4.   Gently press dough so that it lies flat against all surfaces of the pie pan.  Tuck any overhanging dough under itself and then flute the rim or press down all around it with the tines of a fork.

5.   Place pie plate in refrigerator and chill for 40 minutes – dough should feel firm.

6.   Move pie plate to freezer for 20 minutes – dough should be very cold.

Make Quiche:
1.   Heat oven to 375 degrees.

2.   Remove pie plate from freezer.  Double a 12-inch length of heavy-duty aluminum foil and lay it into pan, covering dough.  Crimp edges gently over pan rim to protect crust. 

3.   Fill foil with 2 cups of pie weights, uncooked rice or beans, or coins.  Metal and ceramic weights are the most effective because they’re heavier.

4.   Place pie plate in oven (I found this step absolutely terrifying, but my ceramic Wilton pie plate made it from freezer straight to oven without shattering into 1000 pieces.  I’ve heard that Pyrex is safe for this as well, but can’t vouch for it personally).  Cook for about 25 minutes, until dough under foil looks dry and light-colored.

5.   Meanwhile, in a pan, cook Bacon over Medium Heat until crisp, about 5 minutes.  Drain and set on paper towels to cool.

6.   Whisk together Eggs, Egg Yolks, Milk, Cream, Salt, Pepper and Nutmeg.

7.   When pie crust is done, remove from oven.  Carefully lift foil and pie weights out of crust.  Return crust to oven for about 5 minutes, until light golden brown.

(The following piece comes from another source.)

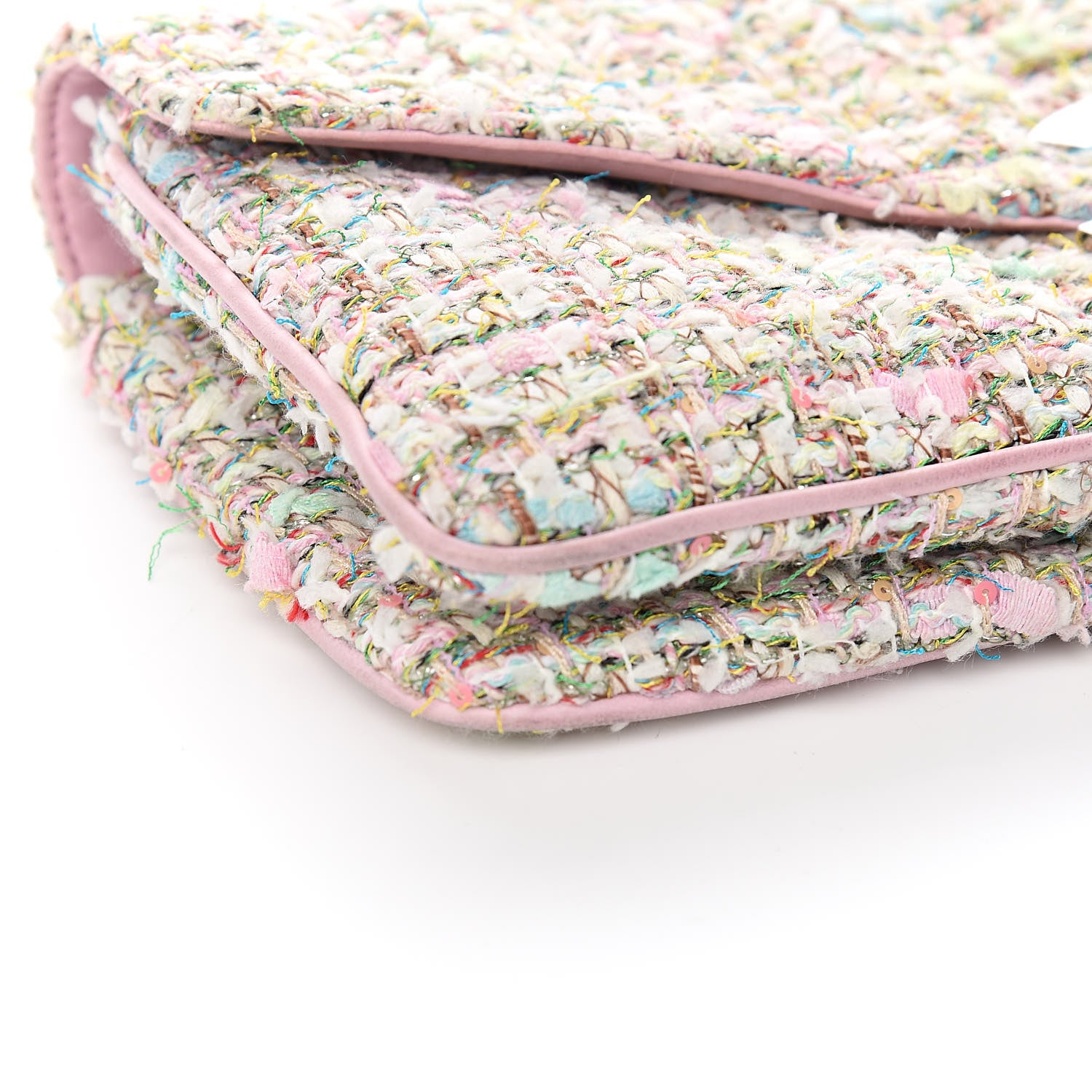 Chanel Tweed CC Flap Multicolor 8 of 13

8.   Remove pie crust from oven.  Sprinkle Cheese and Bacon evenly into crust.  Carefully add Egg Mixture.  Liquids should reach to about ½ inch from top of crust.

9.   Place quiche in oven.  Bake for about 35 minutes – top should be light golden brown, center should be set but jiggly (it’ll set up more as it cools), and a knife inserted about 1 inch from the edge of the quiche will come out clean.

10.  Cool on a rack to desired temperature – quiche can be eaten warm or at room temperature.

[ Notes:  (1) As you can see from the pictures, I let the edges of my pie crust get a little…Cajun-style.   
 You probably don’t want them that dark.  If they seem to be approaching it, mold a little strip of 
foil to cover the browned sections.    (2) I’m not going to deny that this recipe has a lot of steps.    
You can certainly cook your bacon ahead of time.  And if you want to use a purchased pie crust, 
you’ll be eliminating about 2/3 of the work.  It won’t be quite as wonderful, but we can’t always 
be perfect, can we?  I’m the last person in the world to snitch on you for taking a shortcut. ]


  1. Ha! I absolutely loved this post... Probably because I have similar bedtime tendencies. Perhaps I should make this quiche for my hubby over the weekend. Yum! Thanks for submitting it for this month's Kitchen Bootcamp challenge!

  2. Well, thanks for hosting! I think it's such a fantastic idea, and such a fun way to mix things up a bit beyond the regular post-a-week schedule. Glad you liked this essay - I promise you won't get any complaints if you make the quiche. :)

  3. You are weird. I think I like you lol. And I like that damn quiche of yours lol.

    1. Christine, the weirdness was never in doubt. ;) Glad you like the quiche - the hubs is already asking to have it again. I don't think I'd mind....

  4. I have been looking for a recipes for about two years now that turned out how my grandma used to make. and this isn't quiet it but its really really close! I think I will stop looking now cuz I'm satisfied with this one!

    1. I'm so glad I could help you find a good substitute!